Was this “mist” just harmless water vapor? Nope. It was chlorosulfuric acid. The toxic cloud hid the ship until 1944, when RAF Lancasters destroyed it. The effects of the smokescreen on the Norwegian fjords lasted longer and were extremely damaging. In 2018, a dendrochronologist stumbled upon the terrible aftermath when she examined the tree rings of pines at a place called Kåfjord—or lack of them.
Starting in the year 1945, some of the trees showed no growth rings. One tree didn’t grow for nine years, and it took three decades to return to a normal growth pattern.
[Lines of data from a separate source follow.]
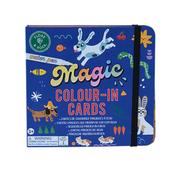Floss &amp; Rock Magic Colour Changing Water Cards – Pets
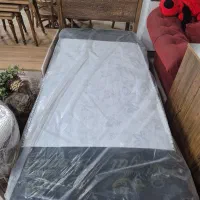 فروش تخت خواب ۲نفره  وتک نفره آماده تحویل|تخت و سرویس خواب|محمدیه-قزوین, |دیوار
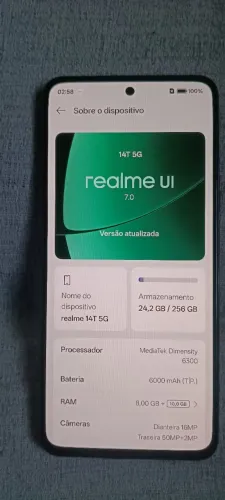 Realme 14T 5G 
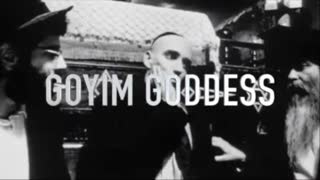 Goyim Goddess - Chabad Lubavitch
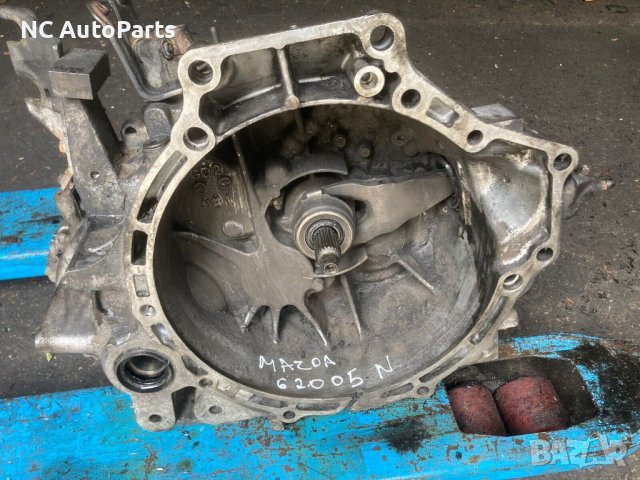 5 степена механична скоростна кутия за Mazda Мазда 6 GG 2.0 дизел 2005, снимка 2 - Части - 42600074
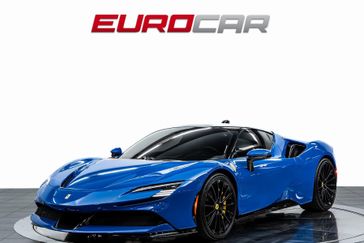 Used 2023 Ferrari SF90 Stradale *HUGE CARBON OPTIONS * FULL PPF*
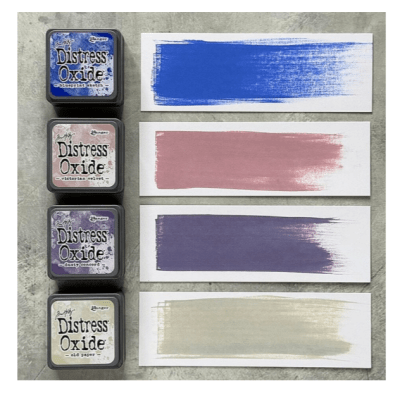 Tim Holtz Distress Mini Oxide Ink Pads #11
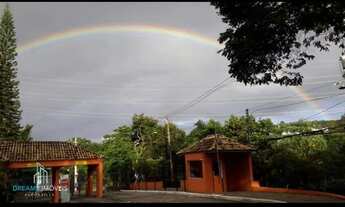 Imagem 2: Terreno à venda, 1486 m² por R$ 567.000,00 - Altos de São Fernando - Jandira/SP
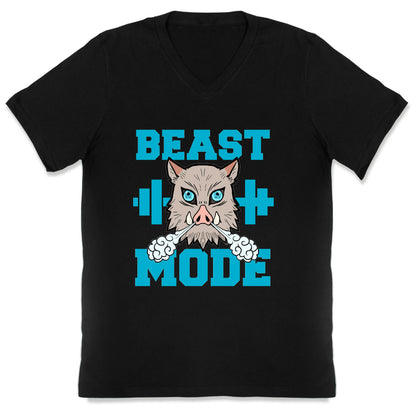 Beast Mode Inosuke V-Neck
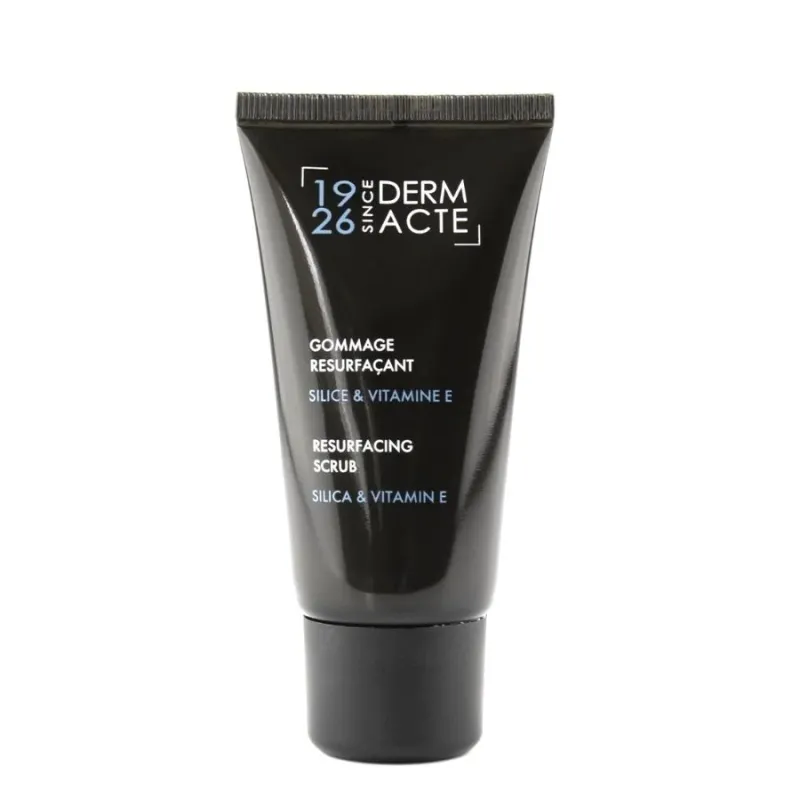 Ултра-ексфолиращ крем с витамин E и силициев диоксид Derm Acte Resurfacing Scrub 50 ml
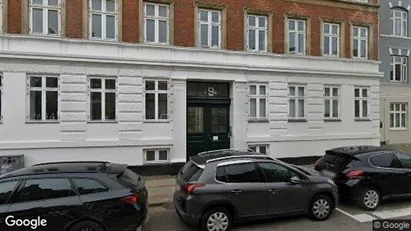 Lejligheder til leje i Østerbro - Foto fra Google Street View Lejligheder til leje i Østerbro - Foto fra Google Street View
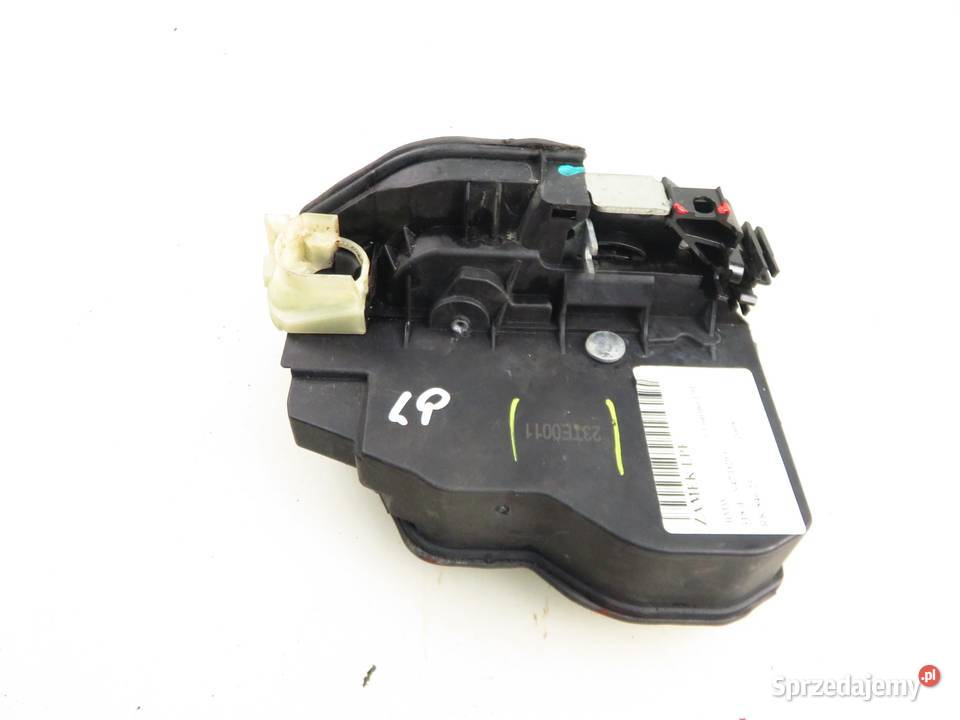 ZAMEK LEWY PRZEDNI BMW E91 7 PIN Zamki, wkładki i kluczyki małopolskie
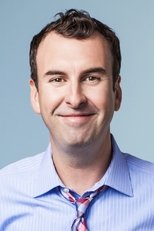 Foto retrato de Matt Braunger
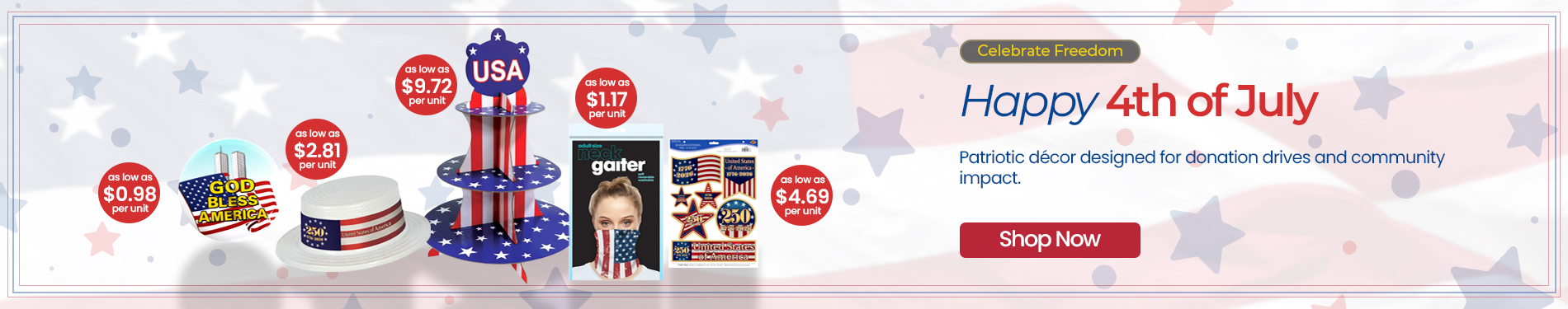 BSE 4th of July June 2026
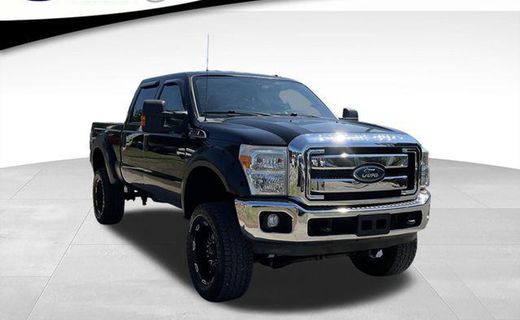 2014 Ford F-250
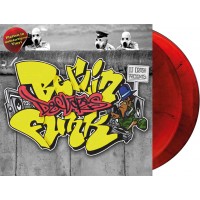Egyptian Lover - 1984 (Egyptian Empire) 2x12" album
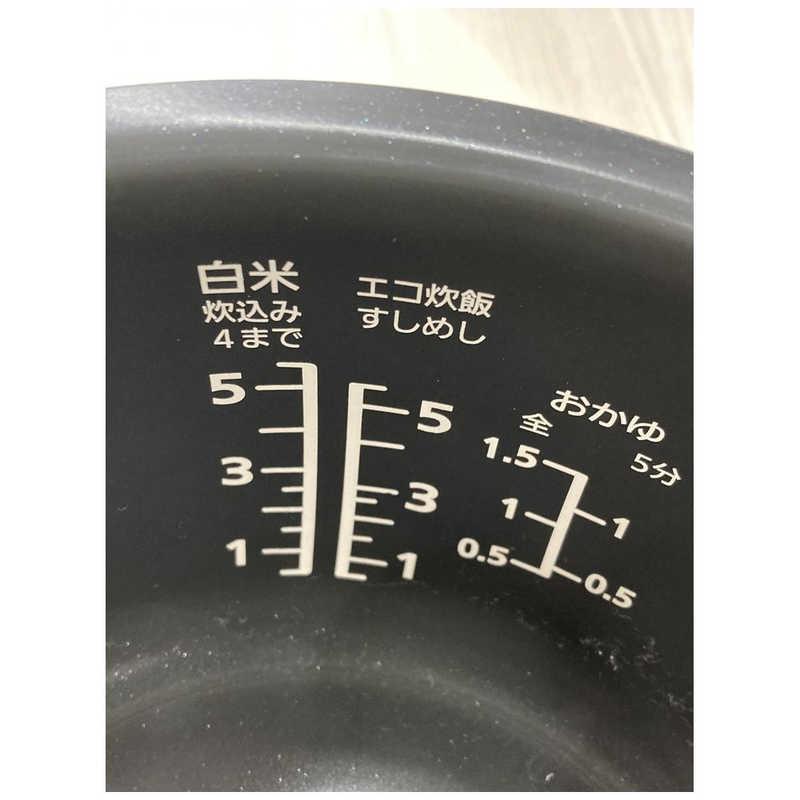 パナソニック　Panasonic　炊飯器 5合炊き 5.5合 IH ブラック　SR-FE101-K｜y-kojima｜17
Other trees had growth rings, but they were barely visible. Frighteningly, the damage stretched for several miles.[7]
3 A Monster Earthquake (or Two)
In the Pacific Northwest, building codes do not require structural designs to withstand powerful earthquakes. The reason? Researchers couldn’t prove that the region had a history of deadly quakes despite knowing that some probably occurred between 780 and 1070.
Needing a reliable way to narrow down the dates and magnitudes, a recent study turned to dendrochronology. In ancient times, local earthquakes triggered massive tsunamis, which drowned trees. So knowing when the trees died would give scientists more precise information.
They examined tree rings from six sites around Puget Sound in Washington State and discovered something worrying. The ancient trees, which died between 923 and 924, were felled by a massive earthquake. Possibly even two in close succession.
The magnitude was around 7.5, and the event occurred near modern-day Seattle. The strength is concerning. An older study has predicted that if a weaker earthquake, like a 6.7-magnitude event, occurred along the Seattle fault today, it could lead to 1,600 deaths, destroy 10,000 buildings, and cause $50 billion in damages.[8]
2 The Truth about Jamestown’s Fall
In 1607, English settlers founded America’s first permanent colony near present-day Williamsburg, Virginia. Jamestown is remembered as a settlement that was destroyed by the hubris of its inhabitants. Due to their incompetence and lack of preparation and knowledge, the folks of Jamestown couldn’t survive off the land, and most perished.
For centuries, historians laid the failure squarely on these settlers. However, archaeologists are now changing the narrative. According to new physical evidence, the people of Jamestown weren’t incompetent. Excavations revealed that they were accomplished hunters, livestock farmers, glassblowers, woodworkers, distillers, fort builders, and more.
So, why did most of the population die? What made some survivors so desperate that they turned into cannibals who consumed their fallen? While several settlers died from disease and skirmishes with local tries, a tree ring study revealed what could’ve been the main killer.
Between 1606 and 1612, Jamestown was gripped by a devastating drought that likely destroyed the corn crops the town depended upon. This matches a contemporary story recorded by John Smith, who wrote that attempts to trade goods for corn grown by local people failed because they also had shortages due to no rain.[9]
1 A Millennial Storm
Trees capture space radiation in an interesting way. When radiation hits Earth’s atmosphere, it turns nitrogen atoms into carbon-14. The latter is absorbed by plants. When they appear in tree rings, researchers can look at radiation storms going back several millennia.
One such storm, etched in tree rings, has scientists on edge. Called a Miyake event, this colossal monster seems to strike every thousand years. In the past, nobody would have been affected too much but in modern times, a Miyake event’s radiation can wreak havoc with electronics and electric grids. Transformers, power lines, internet cables, and satellites would be destroyed.
This looming calamity makes it necessary to find the source of the storms, but here’s the problem. Nobody knows what causes Miyake events, making studying them even harder. One scary fact is known, however. According to calculations, there’s a small chance that a Miyake storm might strike Earth in the next couple of years.[10]